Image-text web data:
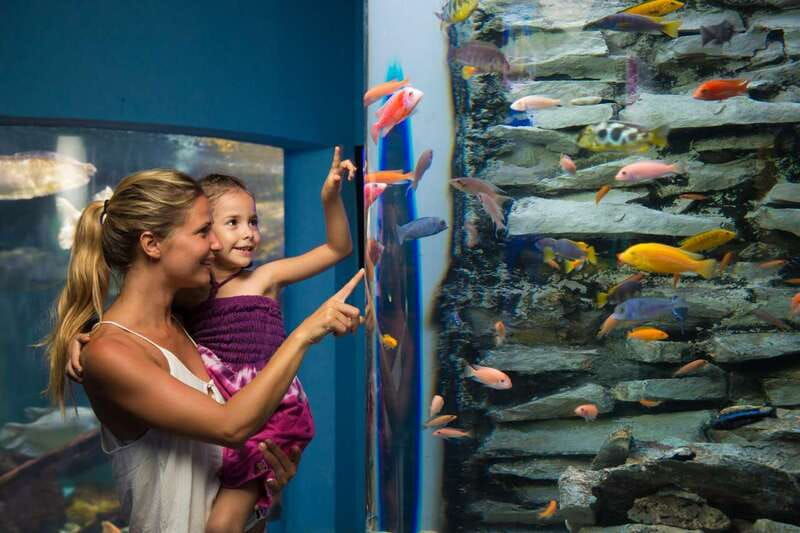 cancun-interactive-aquarium-admission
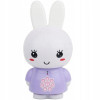 Alilo - króliczek Honey Bunny G6, odtwarzacz MP3 (G6) • Fioletowy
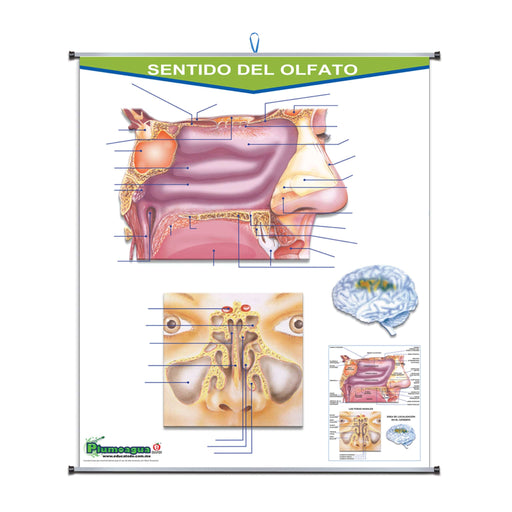 Plumoagua Sentido del Olfato - Educatodo material didáctico y juegos educativos - Educatodo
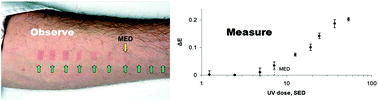 Graphical abstract: Ultraviolet erythema: dose response and mediator diffusion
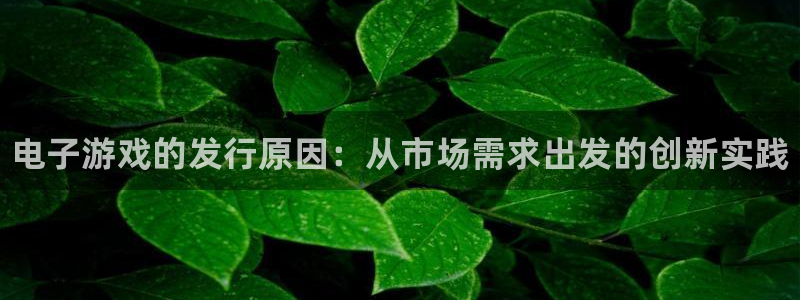 新航娱乐扣款后还能重新扣嘛：电子游戏的发行原因：从市场需求出发的创新实践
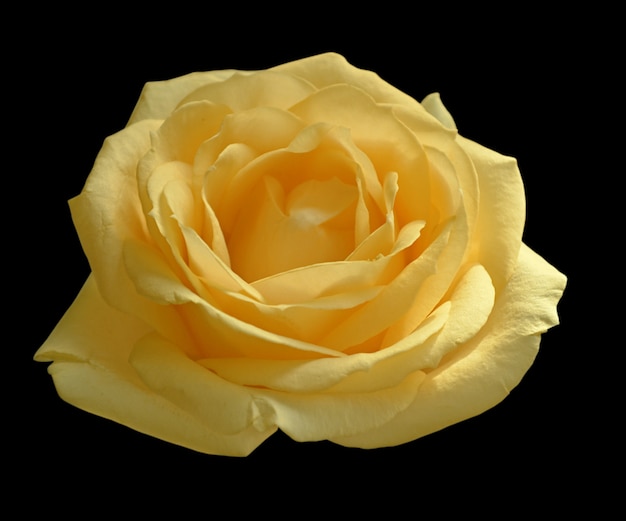 Rosa amarilla aislada en un fondo negro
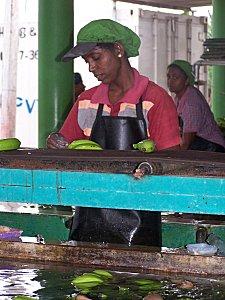 SRI LANKA : L'ODYSSEE DE LA BANANE SRI-LANKA-1-390.JPG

• Problem description
Nothing but the lines from the start of the records through the line holding "Graphical abstract: Ultraviolet" should be printed, exactly as written and with the pictures left out.

• Response area
 cancun-interactive-aquarium-admission
 Alilo - króliczek Honey Bunny G6, odtwarzacz MP3 (G6) • Fioletowy
 Plumoagua Sentido del Olfato - Educatodo material didáctico y juegos educativos - Educatodo
 Graphical abstract: Ultraviolet erythema: dose response and mediator diffusion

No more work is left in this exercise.